Data provided START

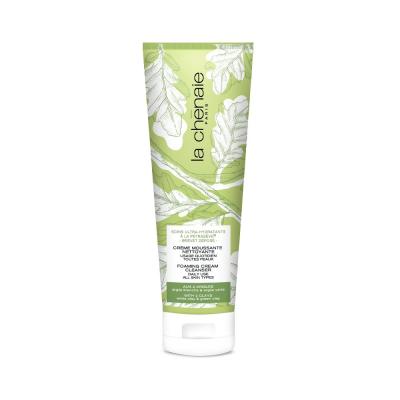 LA CHENAIE La Ch&ecirc;naie Cr&egrave;me Moussante Nettoyante 125ml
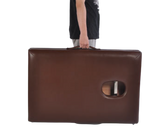 Portable Massage Bed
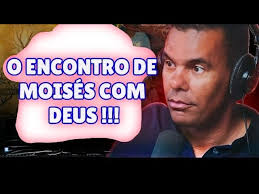 O ALTAR QUE ESTOU CONSTRUINDO , APONTA PARA O DEUS QUE SIRVO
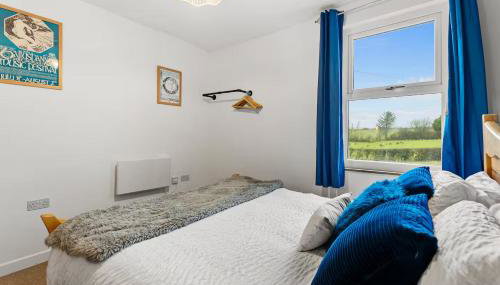 Cumbric Cottage - Cosy Lake District Escape - Foto 5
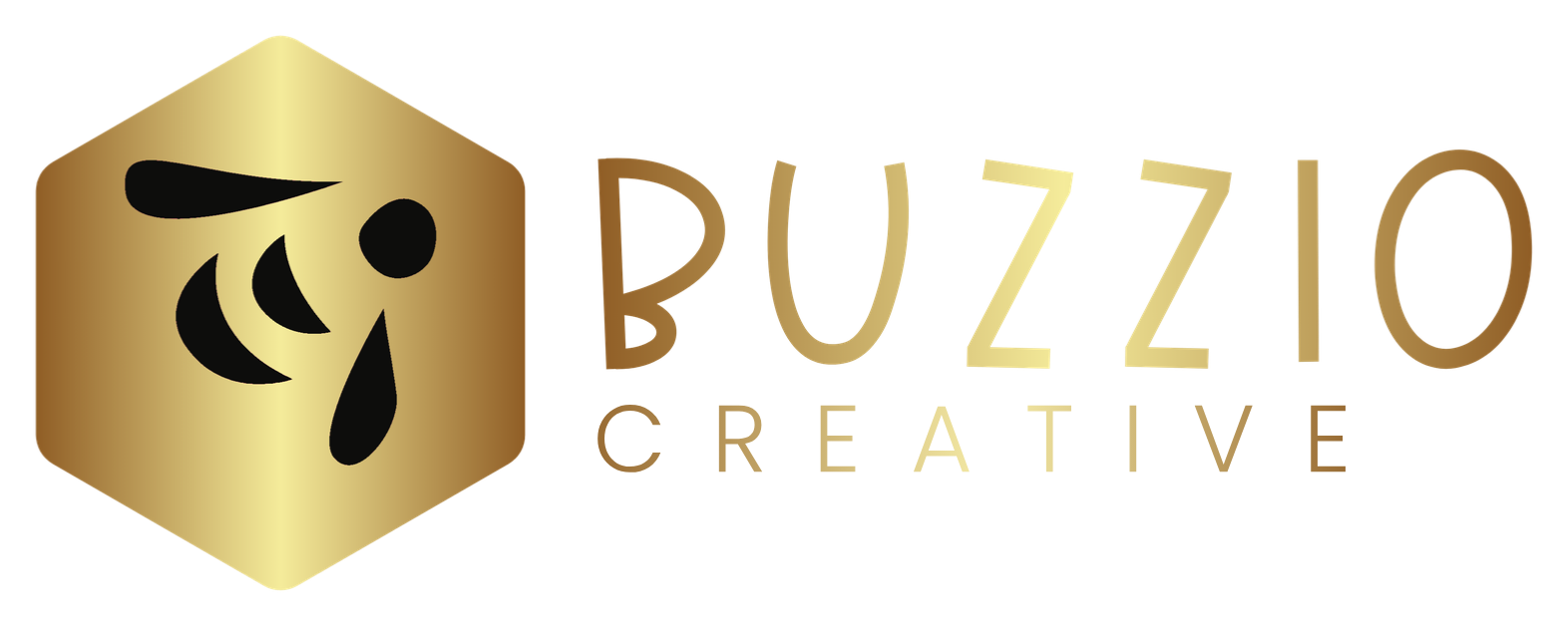 Buzzio Creative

Data provided END

Your instructions: Skip the images and set down the rest of the data unchanged.

Exercise solution:
 LA CHENAIE La Ch&ecirc;naie Cr&egrave;me Moussante Nettoyante 125ml
 Portable Massage Bed
 O ALTAR QUE ESTOU CONSTRUINDO , APONTA PARA O DEUS QUE SIRVO
 Cumbric Cottage - Cosy Lake District Escape - Foto 5
 Buzzio Creative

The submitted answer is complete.